На следующее утро наши проводники прошли с нами только около полумили и заявили, что они вернутся домой. Когда, по просьбам макололо, совершенно не знающих чибокве, я уплачивал проводникам вперед, то я предвидел это. Несмотря на энергичные протесты, с которыми к ним обращались, проводники один за другим исчезли. Мои спутники пришли к заключению, что, поскольку мы теперь находились в местах, посещаемых работорговцами, проводники нам теперь не нужны; главная польза от проводников заключалась в том, что они помогали нам устранять у жителей деревень подозрения и неправильные представления о целях нашего путешествия. Я был очень рад услышать, что мои люди пришли к такому заключению. Местность имела здесь более холмистый характер, чем прежде. По глубоким лесистым долинам бежали небольшие красивые потоки. Деревья здесь высокие и прямые, а леса тенистые и богатые влагой. Почва на этих незаселенных местах сплошь покрыта желтым и бурым мхом, а стволы деревьев одеты яркими лишаями. Необычайно плодородная земля состоит из черного суглинка. Она покрыта массой густой, высокой травы. Мы миновали несколько деревень и теперь шли мимо них, не задерживаясь и не вступая в общение с их обитателями.
Мы держали курс на запад-северо-запад. Все реки, попадавшиеся нам на пути, шли на север и, по полученным нами сведениям, впадали в Касаи или Локе; у большинства из них были особенные, болотистые берега, как везде в этой стране. Предполагая, что мы находимся теперь на широте Коанзы, я был сильно удивлен тем, что никто из туземцев, живущих в этой местности, не знает об этой реке. Но тогда я и сам не знал того, что Коанза начинается значительно западнее этого места и что она течет от истоков и до устья на сравнительно коротком протяжении.

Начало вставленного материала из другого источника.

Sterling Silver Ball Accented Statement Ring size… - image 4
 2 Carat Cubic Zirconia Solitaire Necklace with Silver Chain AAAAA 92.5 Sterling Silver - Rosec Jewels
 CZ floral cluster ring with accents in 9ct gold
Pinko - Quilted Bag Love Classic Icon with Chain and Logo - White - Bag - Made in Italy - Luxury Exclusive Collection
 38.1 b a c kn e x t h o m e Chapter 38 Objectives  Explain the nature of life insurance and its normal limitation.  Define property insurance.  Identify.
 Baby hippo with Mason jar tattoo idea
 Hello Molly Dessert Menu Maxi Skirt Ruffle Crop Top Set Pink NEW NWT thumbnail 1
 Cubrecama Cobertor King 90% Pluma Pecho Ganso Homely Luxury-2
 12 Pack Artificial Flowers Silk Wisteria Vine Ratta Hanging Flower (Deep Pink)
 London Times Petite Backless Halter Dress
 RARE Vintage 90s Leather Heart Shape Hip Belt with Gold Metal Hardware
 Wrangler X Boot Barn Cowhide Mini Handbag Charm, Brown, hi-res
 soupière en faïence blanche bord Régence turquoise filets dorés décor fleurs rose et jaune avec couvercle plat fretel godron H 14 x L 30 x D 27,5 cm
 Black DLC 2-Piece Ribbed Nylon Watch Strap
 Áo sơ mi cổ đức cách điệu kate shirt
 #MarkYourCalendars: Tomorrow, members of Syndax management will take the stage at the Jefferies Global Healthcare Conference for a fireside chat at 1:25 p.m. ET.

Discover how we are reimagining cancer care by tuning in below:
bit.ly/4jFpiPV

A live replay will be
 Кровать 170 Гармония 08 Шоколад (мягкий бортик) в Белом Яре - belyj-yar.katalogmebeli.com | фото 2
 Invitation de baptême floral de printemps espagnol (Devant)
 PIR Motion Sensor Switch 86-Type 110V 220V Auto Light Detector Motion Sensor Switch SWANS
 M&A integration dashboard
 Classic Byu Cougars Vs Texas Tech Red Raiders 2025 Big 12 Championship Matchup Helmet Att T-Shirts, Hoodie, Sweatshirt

26-е. Мы провели воскресенье на берегу р. Квило, или Квелло. Это небольшой поток, шириной около 10 ярдов [9 м]. Он течет по узкой глубокой долине, склоны которой опускаются к потоку на протяжении почти 500 ярдов [около 475 м]. Склоны эти каменистые и состоят из твердого известкового туфа, лежащего на глинистом сланце и песчанике, с покровом из железистого конгломерата. Зрелище было очень приятным, но лихорадка лишила меня возможности чувствовать радости жизни. Ежедневно повторявшиеся жестокие приступы ее вызвали у меня сильную слабость и желание лежать.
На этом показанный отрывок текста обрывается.